More recently, ex-Georgian President Eduard Shevardnadze… a respected political figure in the West… accused the Open Society Foundation (OSF) (an NGO funded by George Soros) and Georgian NGOs affiliated to it of orchestrating the 2003 coup that brought Mikhail Saakashvili to power. Curiously, US Ambassador to Russia Michael McFaul, who’s keen on seeing Russia repent for Stalinism, doesn’t intend to admit America‘s wrongdoings himself. Maksim Grigoriev, a member of the RF Public Chamber, said that McFaul, in a speech to the Public Chamber, said that he felt no need to be sorry for the USA having a hand in the Georgian coup, or, in hiring intelligence experts to work for American NGOs based in post-Soviet republics, including Russia.
The post-Soviet space offers a wide range of opportunities for American-funded NGOs, which arrived only in the 1990s. In the 1970s and 1980s, the same American groups operated in Latin America, and before that, in the Middle East. In what is seen as a “quiet revolution in American official history”, former US President Bill Clinton acknowledged the role of the CIA in orchestrating the 1973 coup in Chile, whilst Barack Obama spilled the beans on the American part in staging the Iranian coup of 1953 that toppled the progressive government of Prime Minister Mohammad Mosaddegh. Coincidentally or not, at the time of the coups, American “charitable” bodies operated in both countries.

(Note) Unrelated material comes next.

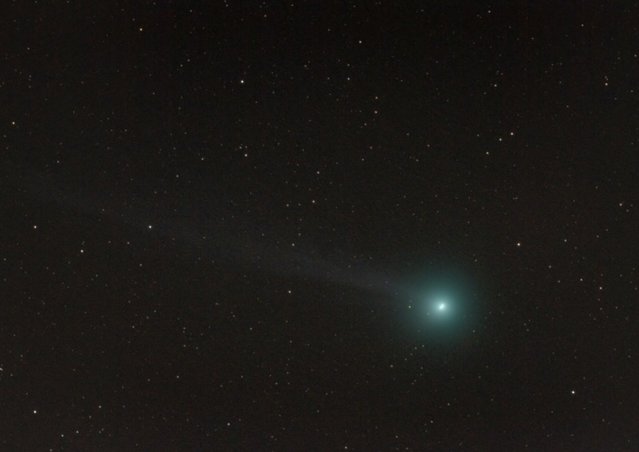 Lovejoy_C2014Q2_AT.jpg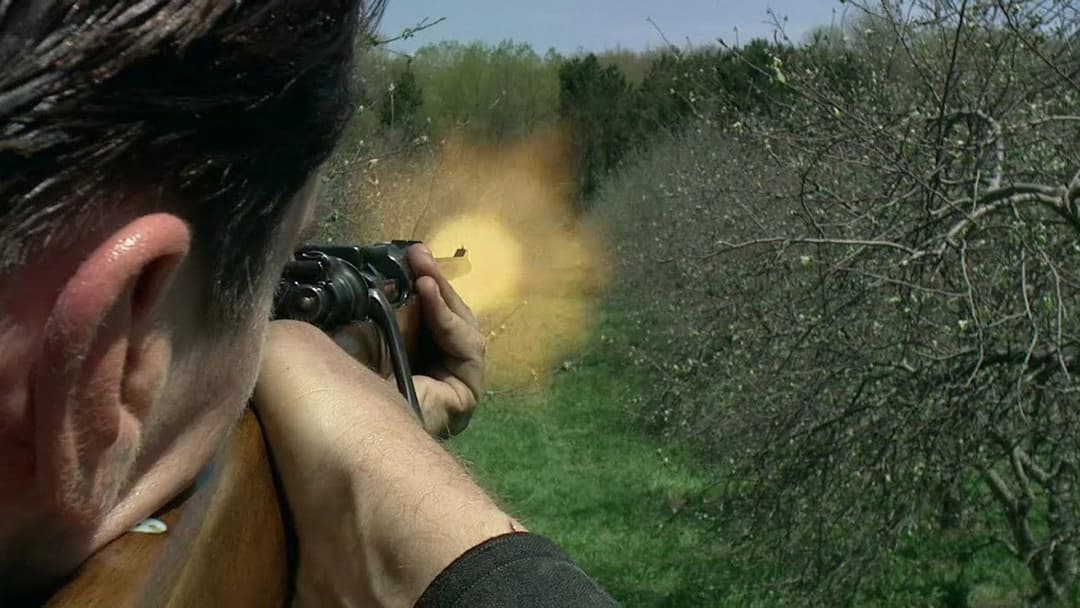 Джонні Д. backdrop 2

Grigoriev, who also runs the Democracy Research Foundation, said, “Assurances from pro-western NGOs that their activities have nothing to do with politics are all lies. They pursue political goals and coordinate their operations with foreign governments. However, this doesn’t mean that we should label them as ‘foreign spies’. Even though these organisations receive funds from abroad, they pose no danger if their operations are transparent and clear”.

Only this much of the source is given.